How we make our decisions

We have adopted a common approach to inspecting and making judgments.

This common approach is informed by our Assessment Framework  and our Judgment Framework . These documents seek to provide assurance that our work is both transparent and consistent. They are publicly available so everyone can see that we make our decisions in a fair and consistent way.

The assessment framework outlines the key questions inspectors should ask, the evidence that should be gathered and lines of enquiry that should be followed. In turn, the Judgment Framework outlines the degree to which an aspect of the service may be deemed by HIQA to be non-compliant with regulations and or National Standards — be it a major non-compliance, a moderate non-compliance or substantially in compliance.

Thematic inspections

The themed approach to inspection encourages and facilitates improvement within residential services for older people.

As part of these thematic inspections, we have produced self-assessment questionnaires and regulatory guidance for nursing home providers. Each thematic inspection is unannounced and carried out over one day. Inspection reports are produced and published for each of the inspections. Practice guidance and self-assessment tools, designed to assist providers to measure their performance and identify areas for improvement are also provided.

Food Nutrition Guidance and Self-assessment questionnaire

End of Life Guidance and Self-assessment questionnaire

Dementia Care

We have commenced a thematic inspection programme on Dementia Care.

The relevant guidance, self-assessment tool, and assessment and judgement frameworks can be accessed here.

During the inspection

The inspector will make observations about the premises, the care provided, how the residents’ privacy, dignity and autonomy is respected and promoted

The inspector will be happy to speak with any resident, family member, representative or staff member; and will also understand that some residents and relatives may not want to talk with an inspector.

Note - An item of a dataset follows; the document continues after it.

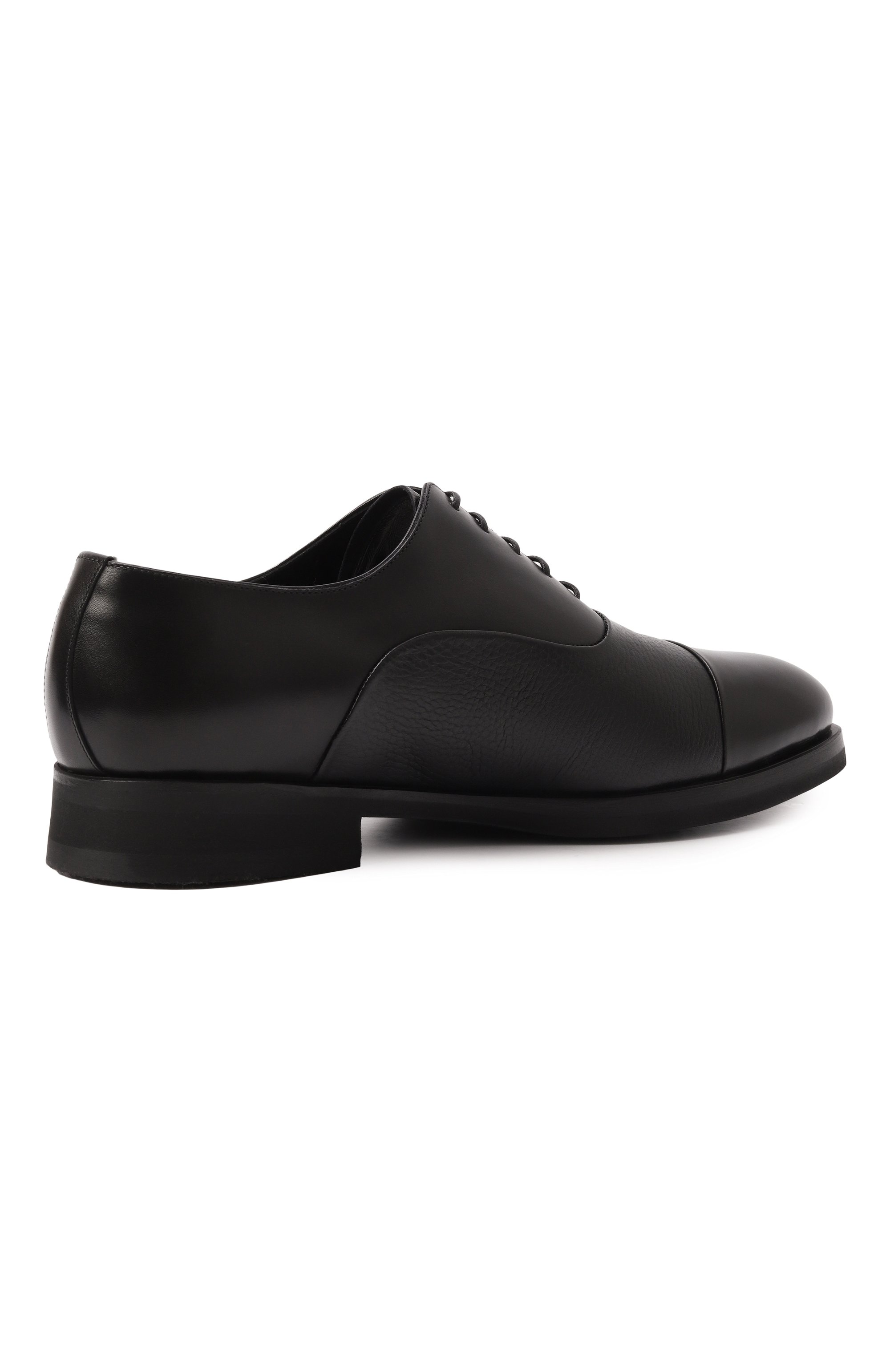 Кожаные оксфорды BARRETT черного цвета по цене 89350 руб., арт. 192U043.32, фото 5 Кожаные оксфорды BARRETT, арт. 192U043.32, фото 5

The inspector will also send out resident and family questionnaires to the centre before announced inspections take place. This is to allow residents and their relatives to provide feedback to HIQA should they wish to do so. Throughout the inspection process, the inspector will be required to act in line with our Code of conduct for inspectors and our Code of Business conduct.  Where concerns arise, we encourage services to inform us as soon as possible.

After the inspection

Inspection reports guide members of the public in choosing centres on the basis of sound, unbiased evidence, as all our inspection reports are published without fear or favour on our website. Inspection reports also assure the public on standards of care in centres.